- _Assigned task_
Print all the data that follows exactly, images excluded.

- _Provided material_
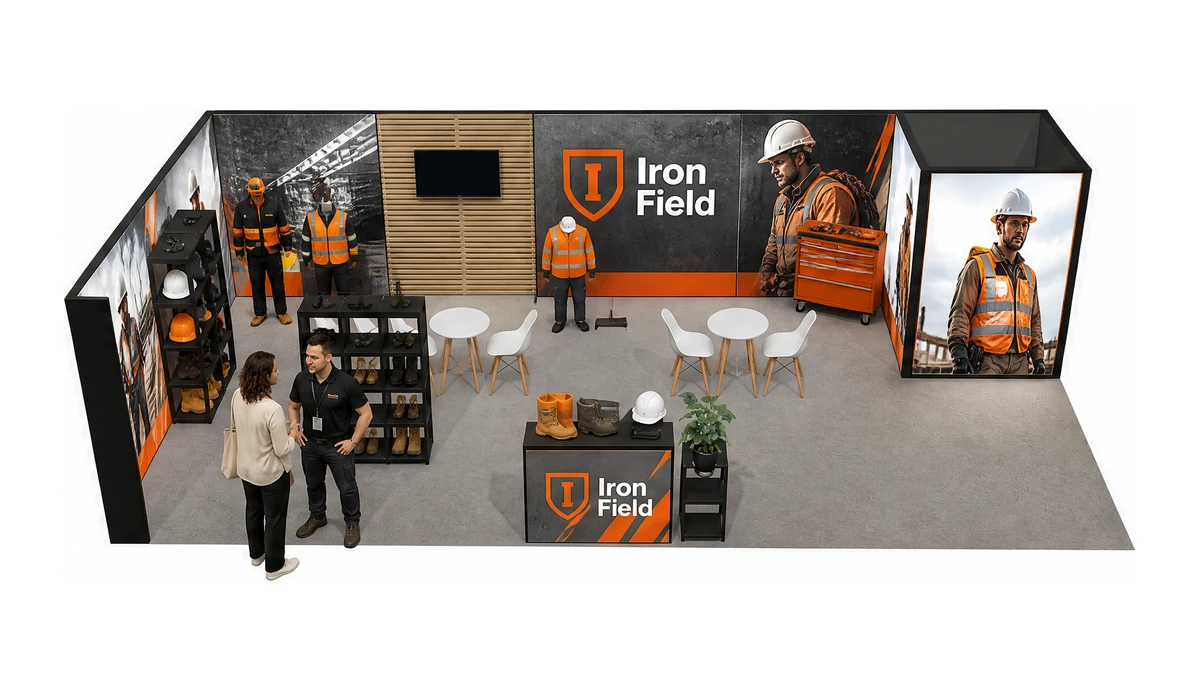 BHP i odzież ochronna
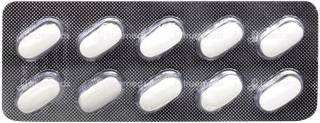 Buscogast Plus Tablet 10
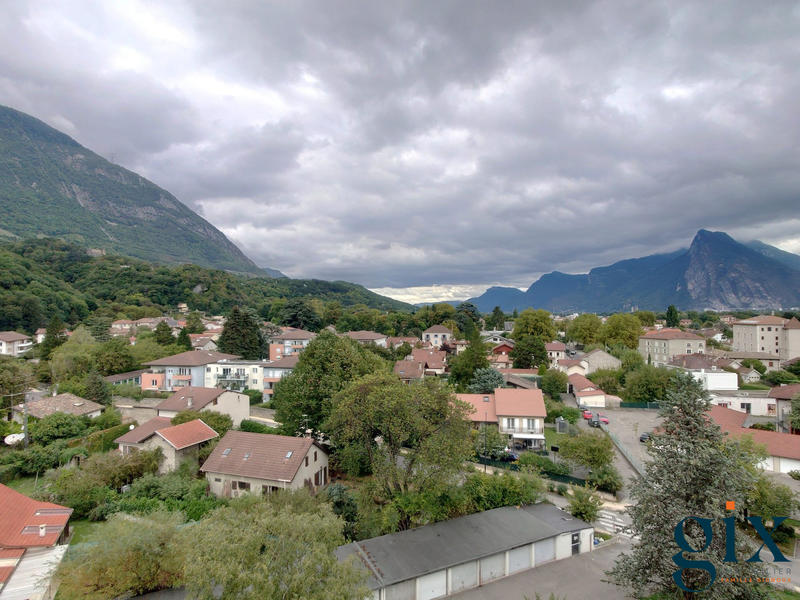 Appartement - 71 m² - 4 pièces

- _Response to this exercise_
 BHP i odzież ochronna
 Buscogast Plus Tablet 10
 Appartement - 71 m² - 4 pièces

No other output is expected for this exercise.